Sıfır Güven modelini açıklama

Tamamlandı

Sıfır Güven her şeyin açık ve güvenilmeyen bir ağda, hatta şirket ağının güvenlik duvarlarının arkasındaki kaynaklarda bile olduğunu varsayar. Sıfır Güven modeli "kimseye güvenme, her şeyi doğrula" ilkesiyle çalışır.

Saldırganların geleneksel erişim denetimlerini atlama yeteneği, geleneksel güvenlik stratejilerinin yeterli olduğu yanılsamasını sona erdiriyor. Şirket ağının bütünlüğüne artık güveni kalmadığı için güvenlik güçlendirilir.

Pratikte bu, artık parolanın bir kullanıcıyı doğrulamak için yeterli olduğunu varsaymadığımız, ancak ek denetimler sağlamak için çok faktörlü kimlik doğrulaması eklediğimiz anlamına gelir. Şirket ağındaki tüm cihazlara erişim vermek yerine, kullanıcılara yalnızca ihtiyaç duydukları belirli uygulamalara veya verilere erişim izni verilir.

Bu videoda Sıfır Güven metodolojisi tanıtılır:

Sıfır Güven yol gösteren ilkeler

Sıfır Güven modeli, güvenliğin nasıl uygulandığını gösteren ve temel alan üç ilkeye sahiptir. Bunlar şunlardır: açıkça doğrulama, en az ayrıcalık erişimi ve ihlal varsayma.

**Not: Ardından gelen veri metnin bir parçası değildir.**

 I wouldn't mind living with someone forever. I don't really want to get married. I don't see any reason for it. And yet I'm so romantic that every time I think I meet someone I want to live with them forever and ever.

  • Açıkça doğrulayın. Kullanıcı kimliği, konum, cihaz, hizmet veya iş yükü, veri sınıflandırması ve anomaliler gibi kullanılabilir veri noktalarına göre her zaman kimlik doğrulaması yapın ve yetki verin.
  • En az ayrıcalıklı erişim. Hem verileri hem de üretkenliği korumak için tam zamanında ve yeterli erişim (JIT/JEA), risk tabanlı uyarlamalı ilkeler ve veri koruması ile kullanıcı erişimini sınırlayın.
  • İhlal olduğunu varsayalım. Ağa, kullanıcıya, cihazlara ve uygulamaya göre erişimi segmentlere ayırma. Verileri korumak için şifrelemeyi kullanın ve görünürlük elde etmek, tehditleri algılamak ve güvenliğinizi geliştirmek için analiz kullanın.

Altı temel yapı taşı

Sıfır Güven modelinde, uçtan uca güvenlik sağlamak için tüm öğeler birlikte çalışır. Bu altı öğe, Sıfır Güven modelinin temel sütunlarıdır:

  • Kimlikler kullanıcı, hizmet veya cihaz olabilir. Bir kimlik bir kaynağa erişmeye çalıştığında, bu kimliğin güçlü kimlik doğrulamasıyla doğrulanması ve en az ayrıcalık erişim ilkelerine uyması gerekir.
  • Cihazlar , cihazlardan şirket içi iş yüklerine ve buluta veri akışı olarak büyük bir saldırı yüzeyi oluşturur. Cihazların sistem durumu ve uyumluluk açısından izlenmesi, güvenliğin önemli bir yönüdür.
  • Uygulamalar , verilerin nasıl tüketildiğini gösterir. Bu, tüm uygulamalar merkezi olarak yönetilmediğinden bazen Gölge BT olarak adlandırılan tüm uygulamaların bulunmasını içerir. Bu yapı ayrıca izinleri ve erişimi yönetmeyi de içerir.
  • Veriler özniteliklerine göre sınıflandırılmalı, etiketlenmeli ve şifrelenmelidir. Güvenlik çalışmaları nihai olarak verileri korumak ve kuruluşun denetlediğini cihazlar, uygulamalar, altyapı ve ağlardan ayrıldığında güvende kalmasını sağlamakla ilgilidir.
  • İster şirket içi ister bulut tabanlı olsun altyapı bir tehdit vektörlerini temsil eder. Güvenliği geliştirmek için sürüm, yapılandırma ve JIT erişimini değerlendirir ve saldırıları ve anomalileri algılamak için telemetri kullanırsınız. Bu, riskli davranışı otomatik olarak engellemenize veya işaretlemenize ve koruyucu eylemler gerçekleştirmenize olanak tanır.
  • Ağlar , daha derin ağ mikro segmentasyonu da dahil olmak üzere segmentlere ayrılmış olmalıdır. Ayrıca gerçek zamanlı tehdit koruması, uçtan uca şifreleme, izleme ve analiz de kullanılmalıdır.

Diagram showing the Zero Trust model.

Altı temel yapıda Sıfır Güven modelinin üç ilkesini kullanan bir güvenlik stratejisi, şirketlerin kuruluşları genelinde güvenlik sağlamalarına ve uygulamalarına yardımcı olur.